Artists sometimes destroy in order to create. This print began life very differently. The original copper printing plate bore an etching by Hercules Seghers showing Tobias and the archangel Raphael (figures from the Catholic Bible) on their mission to restore the eyesight of Tobias’s father. About 15 years after Seghers’s death, Rembrandt got hold of the plate, and used it to create a new scene.
Seghers was one of Rembrandt’s favorite artists.

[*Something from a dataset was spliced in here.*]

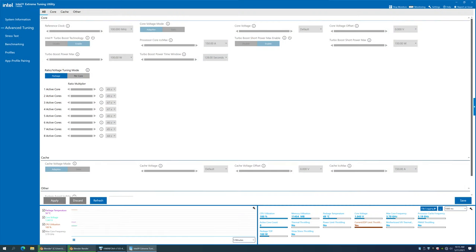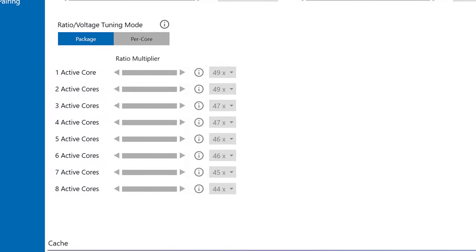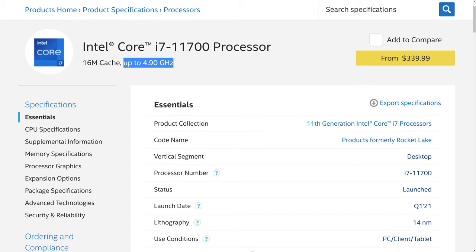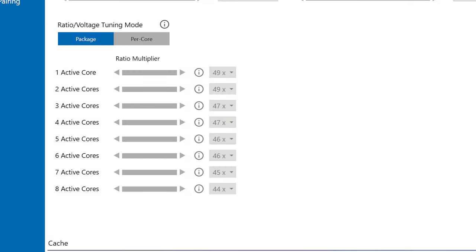For the Core i7-11700: one or two cores active runs at a 49x multiplier, giving 4.9 GHz — the published max boost frequency. Three or four cores drops to 4.7 GHz, five or six cores drops further to 4.6 GHz, seven cores to 4.5 GHz, and all eight cores active — the all-core frequency without power limits — runs at 4.4 GHz. These are the frequencies the CPU targets based on workload, which is how processors used to work when limited to four cores.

Rembrandt owned several of his paintings, and Seghers owned at least one by Rembrandt.
Rembrandt scraped away part of the original etching, and then used a drypoint needle to sketch an image of the Holy Family fleeing to Egypt.
Image: Hercules Seghers, Tobias and the Angel, c. 1630–33, etching, Rijksmuseum, Amsterdam
To the right of Joseph and the donkey, we can still see traces of the angel’s leg and staff.
Image: Detail of Hercules Seghers, Tobias and the Angel, c. 1630–33, etching, Rijksmuseum, Amsterdam
Part of the angel’s wing is also visible in the trees at upper left.
Image: Detail of Hercules Segheres, Tobias and the Angel, c. 1630-33, etching, Rijksmuseum, Amsterdam”
Seghers’s work, now quite rare and seldom seen in North America, is unusually fine and atmospheric. Rembrandt scraped at the center of the landscape to channel the river closer to us, but he left most of Seghers’ scenery intact.